When people are financially secure enough, they usually find ways to invest some of their funds for such things as college or retirement. These investments need to be handled by experts in the field such as financial managers and investment bankers. Those with invested funds may need a risk manager to assess whether funds need to be moved to protect their profitability.

Investment managers use their trained knowledge of finance and investments to oversee mergers and acquisitions or manage financial risks. The following chart gives you an overview of what you need to know about entering this field.

Financial Manager Risk Manager Investment Banker
Degree Required Bachelor's degree at minimum, master's degree for advancement Bachelor's degree at minimum, master's degree for advancement Bachelor's degree at minimum, master's degree for advancement
Key Responsibilities Oversee mergers and acquisitions or advise firms that want to issue stocks and bonds Limit financial losses due to inflation or spikes in commodity prices Trade stocks and bonds for a company
Certification Optional Optional Optional
Job Growth (2014-2024) 7%* 12% (for all financial analysts)* 10% (for all securities, commodities and financial services sales agents)*
Median Salary (2015) $117,990* $80,310 (for all financial analysts)* $71,550 (for all securities, commodities and financial services sales agents)*

Source: *U.S. Bureau of Labor Statistics

Investment Management Job Options

If you are considering a career in investment management, you have a variety of options. For example, you could work as a financial manager, risk manager or investment banking sales agent. You can find these jobs in banks, brokerage firms, credit unions and insurance companies.

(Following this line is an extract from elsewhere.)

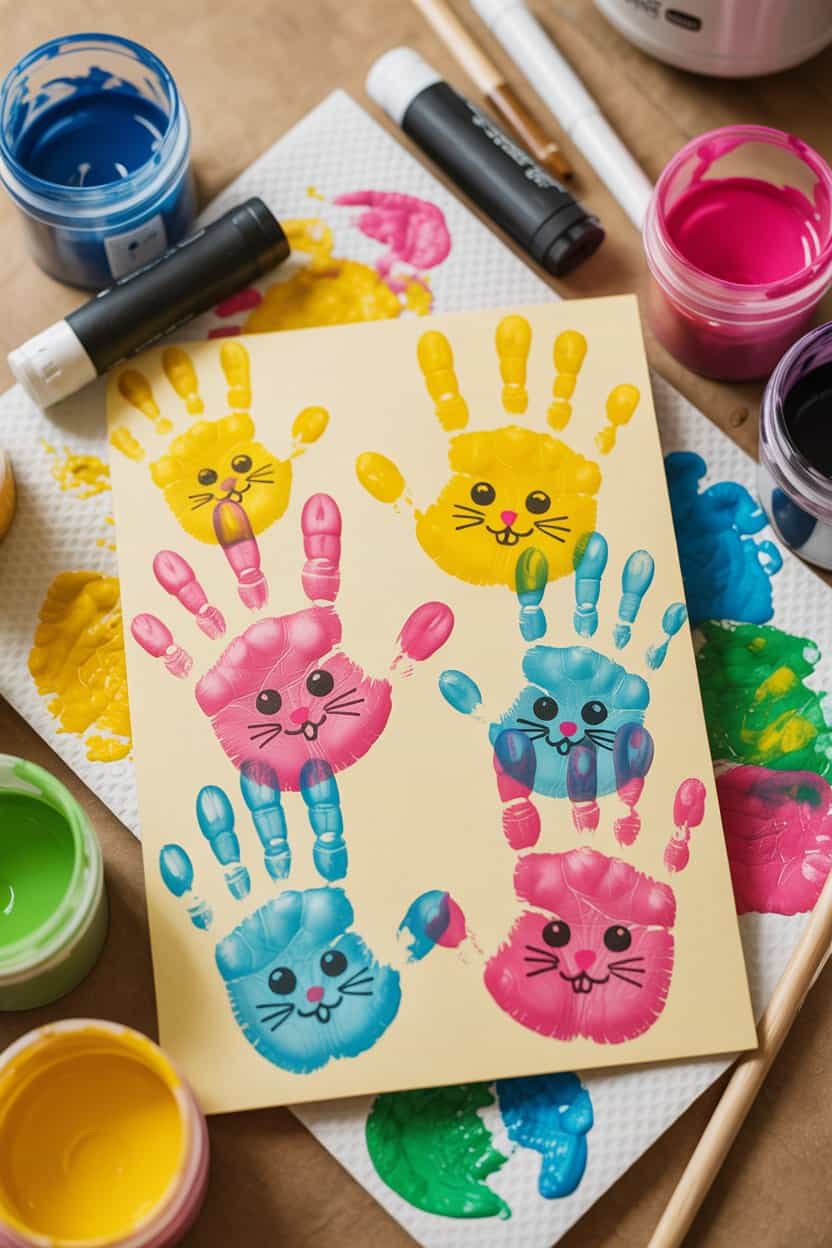 Osterkarte mit bunten Handabdruck-Hasen aus Fingerfarben auf Papier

Working in finance as an investment banker, you may oversee mergers and acquisitions or advise firms that want to issue stocks and bonds. As a risk manager, you're responsible for limiting financial losses due to inflation or spikes in commodity prices. Investment banking sales agents trade stocks and bonds for their companies.

What Education and Training Will I Need?

A July 2014 search for investment management and banking positions at Monster.com and CareerBuilder.com indicated there are positions available in a variety of industries, including aerospace and defense; energy and public utilities; and information technology. Most positions at this level require at least a bachelor's degree and anywhere from 3-7 years of experience.

Earning a Bachelor of Science (B.S.) in Business Administration, a B.S. in Finance or a related degree can prepare you for an investment management career. According to the U.S. Bureau of Labor Statistics (BLS), a Master of Business Administration or a similar master's degree is generally required for career advancement and may be preferred by employers. Pursuing voluntary certification, such as the Chartered Financial Analyst (CFA) designation, may also increase your employment options. Although not required for all positions, brokers and investment bankers often need to obtain a license and register with the Financial Industry Regulatory Authority.

How Much Can I Earn?

Your salary potential can vary based on the type of investment management job you pursue. In May 2015, the BLS reported that financial managers earned a median salary of $117,990. In the same year, securities, commodities and financial services sales agents, including investment bankers, earned an average of $71,550. Financial analysts such as risk managers averaged $80,310 per year.

What Are Some Related Alternative Careers?

Related alternative careers in finance management require a bachelor's degree. One related career might be as a budget analyst which help companies and private clients in keeping their daily finances organized. Another career field could be in insurance underwriting to use your financial skills to write the best insurance policies for people and organizations. A third alternative could have you working as a budget analyst collecting and analyzing financial data and then writing reports making recommendations to executives.